Он ударил торговца по лицу левой рукой, во время удара повернувшись так, чтобы его правая рука не была видна, и сунул бумажку в карман.

– Здесь нет твоих друзей, Маврудас, – негромко сказал Фотис, успокоившись. – Марко, посади его на стул и привяжи, одну руку оставь свободной. Ты какой рукой меньше дорожишь, Маврудас, левой или правой? Вот видишь, за тобой все еще остается право выбора.

Марко быстро выполнил указание. Стаматис выполнил главную задачу и теперь остался один на один с предстоящим кошмаром. Лицо его окаменело, взгляд устремился в стену, стоны становились глуше по мере того, как веревка все крепче притягивала его к стулу. Элиас не будет на это смотреть. Одно дело – убивать противника в бою, другое – постепенно вытягивать жизнь из человека, которого знал с детства. Конечно, действия торговца послужили причиной смерти Микалиса. Он должен умереть. Так пусть будет так, у Элиаса же есть и другие заботы. Он направился к двери, в это время Фотис уже приготовил нож.

– Куда ты идешь?

– Искать своих людей на северном холме.

– Да, хорошо. Если вам придется сниматься оттуда, идите в старый монастырь, но не в пещеру.

– Не учи ученого, – резко ответил Элиас.

– Конечно. Или оставайтесь на холме, я вас там найду.

– А если он заговорит, каков будет план?

Фотис неприятно улыбнулся:

– Он заговорит, это точно. Обсудим это, когда я вернусь. Пока, мой мальчик. – Последние слова были произнесены с нарочитой теплотой.

Когда Элиас выходил из дома в ночную темноту, стоны Стаматиса достигли наивысшей ноты, почти перейдя в крик. «Заткни ему рот!» – это были последние услышанные им слова.

События на площади продолжали развиваться. Везде были немецкие патрули, колотившие в двери в поисках кого-то или чего-то. Вероятно, Мюллеру придется долго искать: испуганные жители деревни чего только ему не наговорили, чтобы спасти себя. Элиас держался в тени, радуясь безлунной ночи. Передвигаясь от улицы к улице между домами, он остановился в месте изгиба узенькой улочки и нащупал в кармане жилетки спичечный коробок. В нем оставалось лишь несколько драгоценных спичек. Одной рукой вытаскивая записку из кармана, другой он достал спичку и чиркнул ею о холодный камень стены.
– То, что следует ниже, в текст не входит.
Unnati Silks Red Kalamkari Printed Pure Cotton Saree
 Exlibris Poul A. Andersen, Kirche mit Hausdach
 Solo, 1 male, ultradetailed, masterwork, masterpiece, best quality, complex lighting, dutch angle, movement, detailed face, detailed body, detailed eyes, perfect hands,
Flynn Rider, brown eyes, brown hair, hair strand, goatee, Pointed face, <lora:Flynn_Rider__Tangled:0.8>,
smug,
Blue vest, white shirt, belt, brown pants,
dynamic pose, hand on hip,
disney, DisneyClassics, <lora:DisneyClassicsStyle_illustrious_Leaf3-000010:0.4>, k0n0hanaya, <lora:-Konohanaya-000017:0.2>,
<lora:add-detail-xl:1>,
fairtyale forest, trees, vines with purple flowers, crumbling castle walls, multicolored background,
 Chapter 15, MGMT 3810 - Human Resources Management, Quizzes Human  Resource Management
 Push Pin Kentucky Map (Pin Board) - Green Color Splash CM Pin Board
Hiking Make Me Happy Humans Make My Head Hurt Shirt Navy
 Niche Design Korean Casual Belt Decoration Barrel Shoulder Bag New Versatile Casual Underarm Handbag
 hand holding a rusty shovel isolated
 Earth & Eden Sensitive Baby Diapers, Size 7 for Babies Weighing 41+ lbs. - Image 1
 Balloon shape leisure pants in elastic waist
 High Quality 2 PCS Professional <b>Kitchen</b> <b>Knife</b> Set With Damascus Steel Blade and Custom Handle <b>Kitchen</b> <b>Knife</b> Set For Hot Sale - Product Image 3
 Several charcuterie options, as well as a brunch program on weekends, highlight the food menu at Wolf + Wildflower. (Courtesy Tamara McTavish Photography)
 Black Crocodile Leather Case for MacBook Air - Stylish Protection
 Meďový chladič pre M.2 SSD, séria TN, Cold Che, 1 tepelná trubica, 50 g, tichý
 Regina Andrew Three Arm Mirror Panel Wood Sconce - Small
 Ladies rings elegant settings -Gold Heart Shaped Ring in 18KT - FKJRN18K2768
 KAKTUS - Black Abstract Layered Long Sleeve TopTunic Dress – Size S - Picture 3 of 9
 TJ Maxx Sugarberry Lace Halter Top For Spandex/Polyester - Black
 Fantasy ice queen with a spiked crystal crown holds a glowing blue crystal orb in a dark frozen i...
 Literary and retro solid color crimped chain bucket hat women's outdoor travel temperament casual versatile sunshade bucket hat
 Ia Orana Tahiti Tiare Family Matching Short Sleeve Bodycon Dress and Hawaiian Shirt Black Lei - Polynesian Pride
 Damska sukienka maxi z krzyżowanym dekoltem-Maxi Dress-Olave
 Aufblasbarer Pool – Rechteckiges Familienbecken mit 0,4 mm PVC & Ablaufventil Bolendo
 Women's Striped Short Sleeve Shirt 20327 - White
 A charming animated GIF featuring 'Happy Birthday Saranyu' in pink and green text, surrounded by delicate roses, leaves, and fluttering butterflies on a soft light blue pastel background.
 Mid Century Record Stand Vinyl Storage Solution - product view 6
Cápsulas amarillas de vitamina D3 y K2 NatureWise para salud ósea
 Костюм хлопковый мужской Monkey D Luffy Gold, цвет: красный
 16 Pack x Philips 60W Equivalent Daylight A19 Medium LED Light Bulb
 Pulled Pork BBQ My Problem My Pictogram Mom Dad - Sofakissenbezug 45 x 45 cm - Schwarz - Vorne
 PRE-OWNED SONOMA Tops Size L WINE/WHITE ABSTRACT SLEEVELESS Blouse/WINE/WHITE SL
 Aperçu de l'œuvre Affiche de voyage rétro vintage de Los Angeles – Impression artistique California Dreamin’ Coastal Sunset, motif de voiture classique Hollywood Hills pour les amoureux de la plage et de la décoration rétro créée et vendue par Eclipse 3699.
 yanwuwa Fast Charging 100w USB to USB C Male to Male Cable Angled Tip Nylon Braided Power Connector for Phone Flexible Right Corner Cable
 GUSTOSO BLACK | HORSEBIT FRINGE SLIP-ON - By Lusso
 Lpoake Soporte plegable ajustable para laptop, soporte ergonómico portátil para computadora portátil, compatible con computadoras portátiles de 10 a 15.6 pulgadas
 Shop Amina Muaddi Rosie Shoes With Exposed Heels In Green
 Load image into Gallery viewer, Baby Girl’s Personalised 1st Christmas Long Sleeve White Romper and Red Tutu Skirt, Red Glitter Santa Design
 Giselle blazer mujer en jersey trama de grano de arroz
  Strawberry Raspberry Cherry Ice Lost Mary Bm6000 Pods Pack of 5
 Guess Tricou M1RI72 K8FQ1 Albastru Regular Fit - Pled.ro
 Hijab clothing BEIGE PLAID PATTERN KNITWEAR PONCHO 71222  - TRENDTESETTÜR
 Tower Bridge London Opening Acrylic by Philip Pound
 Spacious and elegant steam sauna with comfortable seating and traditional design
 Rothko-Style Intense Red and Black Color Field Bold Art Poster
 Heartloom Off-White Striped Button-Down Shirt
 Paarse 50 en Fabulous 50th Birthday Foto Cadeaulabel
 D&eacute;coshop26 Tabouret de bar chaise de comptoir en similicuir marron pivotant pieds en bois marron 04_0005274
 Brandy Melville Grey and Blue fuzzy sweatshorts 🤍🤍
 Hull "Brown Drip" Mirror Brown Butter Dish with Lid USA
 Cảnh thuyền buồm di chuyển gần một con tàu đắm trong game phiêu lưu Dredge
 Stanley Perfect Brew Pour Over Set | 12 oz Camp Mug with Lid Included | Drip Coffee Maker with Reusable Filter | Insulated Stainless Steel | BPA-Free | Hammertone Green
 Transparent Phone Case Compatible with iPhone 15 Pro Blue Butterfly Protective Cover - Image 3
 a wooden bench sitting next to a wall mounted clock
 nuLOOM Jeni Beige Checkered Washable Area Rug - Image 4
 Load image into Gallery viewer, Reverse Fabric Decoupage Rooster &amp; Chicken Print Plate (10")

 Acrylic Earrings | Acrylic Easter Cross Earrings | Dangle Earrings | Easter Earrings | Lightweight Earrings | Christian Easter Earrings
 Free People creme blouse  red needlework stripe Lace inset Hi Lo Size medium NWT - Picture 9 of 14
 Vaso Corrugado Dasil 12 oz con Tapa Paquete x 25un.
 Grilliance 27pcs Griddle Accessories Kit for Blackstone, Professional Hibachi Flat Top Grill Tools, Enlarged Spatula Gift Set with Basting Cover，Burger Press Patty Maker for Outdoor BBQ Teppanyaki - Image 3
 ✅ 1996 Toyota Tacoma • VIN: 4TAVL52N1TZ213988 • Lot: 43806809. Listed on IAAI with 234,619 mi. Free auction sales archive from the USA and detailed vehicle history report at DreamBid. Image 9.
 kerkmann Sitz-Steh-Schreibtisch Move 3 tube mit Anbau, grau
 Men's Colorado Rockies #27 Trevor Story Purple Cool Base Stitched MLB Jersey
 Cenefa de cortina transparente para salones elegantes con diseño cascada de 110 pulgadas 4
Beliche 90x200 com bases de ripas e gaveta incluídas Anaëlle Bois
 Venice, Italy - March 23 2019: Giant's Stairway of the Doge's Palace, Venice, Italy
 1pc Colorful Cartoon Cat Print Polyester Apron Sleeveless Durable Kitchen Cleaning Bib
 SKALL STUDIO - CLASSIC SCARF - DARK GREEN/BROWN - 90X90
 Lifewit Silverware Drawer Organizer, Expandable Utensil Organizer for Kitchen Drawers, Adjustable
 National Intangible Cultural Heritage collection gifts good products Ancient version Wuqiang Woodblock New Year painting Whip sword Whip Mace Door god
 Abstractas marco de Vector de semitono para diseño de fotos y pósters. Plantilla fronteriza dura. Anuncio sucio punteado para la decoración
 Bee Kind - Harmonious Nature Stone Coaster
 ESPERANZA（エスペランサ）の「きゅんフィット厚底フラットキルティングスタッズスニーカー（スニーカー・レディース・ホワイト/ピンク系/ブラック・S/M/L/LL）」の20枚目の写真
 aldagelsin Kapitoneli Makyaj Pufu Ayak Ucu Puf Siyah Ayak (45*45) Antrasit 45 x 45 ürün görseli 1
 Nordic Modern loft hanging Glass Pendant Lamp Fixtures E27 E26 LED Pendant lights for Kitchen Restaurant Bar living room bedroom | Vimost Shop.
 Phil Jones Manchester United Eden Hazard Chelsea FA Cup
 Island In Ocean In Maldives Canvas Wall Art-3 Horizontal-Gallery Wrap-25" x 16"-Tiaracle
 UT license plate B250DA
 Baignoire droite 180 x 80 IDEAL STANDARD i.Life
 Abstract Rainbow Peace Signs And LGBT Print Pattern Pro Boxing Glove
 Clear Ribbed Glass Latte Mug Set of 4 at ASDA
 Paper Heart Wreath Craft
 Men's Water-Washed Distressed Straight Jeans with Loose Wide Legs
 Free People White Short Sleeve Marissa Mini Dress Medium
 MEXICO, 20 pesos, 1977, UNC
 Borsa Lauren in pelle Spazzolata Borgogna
«Часовня Св. Григория. Пощади мальчика».

Больше в записке ничего не было. Он поднес догорающую спичку к клочку бумаги и смотрел, как та, ярко вспыхнув, обратилась в пепел. Часовня Святого Григория. Неплохой выбор. Ею редко пользовались, и капитан с трудом припомнил, где она находилась. Где-то к северу, но на приличном расстоянии от дороги. Пощади мальчика. Он что, серьезно? Он что, не знал, что сделал Коста с Микалисом? И почему он должен быть более милосерден, чем Змей, который, во всяком случае, и брата не потерял? Старый вор, конечно, стал сговорчивее в свои последние минуты, но это уже не имело значения.

С чего же начать? К Фотису у него больше не было доверия. Хорошо, что он не упомянул о смерти Микалиса, иначе бы Фотис решил, что Элиас, ослепленный жаждой мести, уже не сможет действовать разумно. Теперь самое главное – быстро добраться до часовни. Имея икону, он сможет торговаться, и, таким образом, у него появится шанс заключить сделку. Стаматис наверняка заговорит, так что Фотис скоро догонит Элиаса.

На близлежащих улицах немцев не было, и это позволило ему продвигаться быстрее. Таверна Стефано была закрыта, света в окнах не видно. Немцы, конечно, могли схватить его, но Элиас сомневался в этом. Он никогда не доверял Стефано. Этот человек хранил множество секретов и никогда их не выдавал – если цена его не устраивала. Он умел появляться и исчезать незамеченным. Где он был сейчас? Только не дома. Его жена и ребенок погибли. Дома оставалась только теща, из-за которой Стефано не стал бы волноваться. Вряд ли он бродит по улицам, пока продолжается облава. Скорее всего сидит в темной таверне, пережидая, пока все успокоится. Элиас подошел к задней двери. Изнутри она запиралась на щеколду, но Элиас помнил, что винты сильно разболтались. Вежливый стук в дверь вряд ли бы привлек внимание Стефано. Не колеблясь, Элиас сделал шаг назад и изо всех сил навалился левым плечом на дверь. Она задрожала, производя при этом оглушающий шум, но не подалась. Капитан опять отступил назад, выдвинул вперед правое плечо, одновременно упершись левой ногой в стену позади себя.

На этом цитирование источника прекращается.